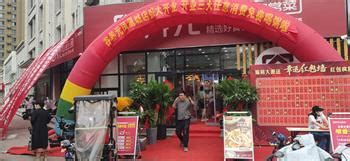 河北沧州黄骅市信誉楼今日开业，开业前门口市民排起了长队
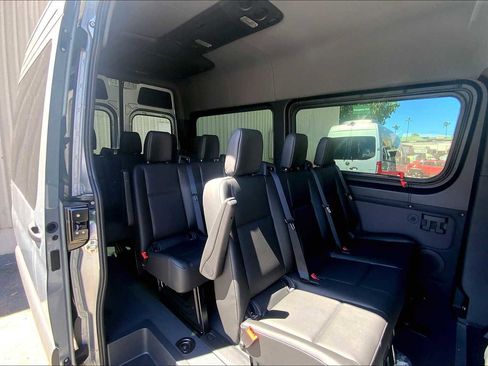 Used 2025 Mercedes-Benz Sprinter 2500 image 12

---

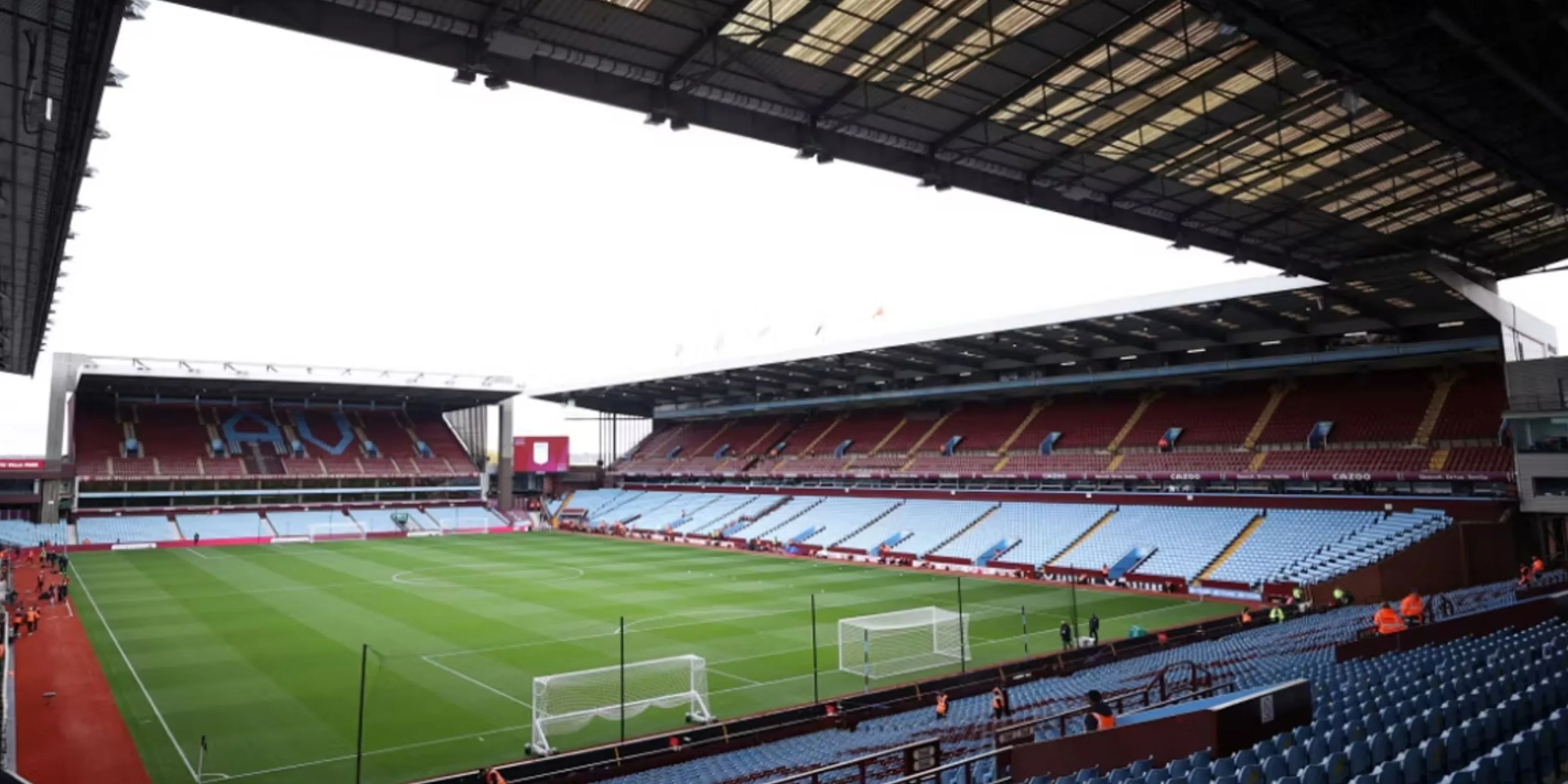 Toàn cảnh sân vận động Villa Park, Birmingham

* WHAT YOU ARE ASKED TO DO *
With the pictures left out, write out exactly the lines above from the one containing "河北沧州黄骅市信誉楼今日开业，开业前门口市民排起了长队" through the one containing "Used 2025 Mercedes-Benz".

* TASK OUTPUT *
 河北沧州黄骅市信誉楼今日开业，开业前门口市民排起了长队
 Used 2025 Mercedes-Benz Sprinter 2500 image 12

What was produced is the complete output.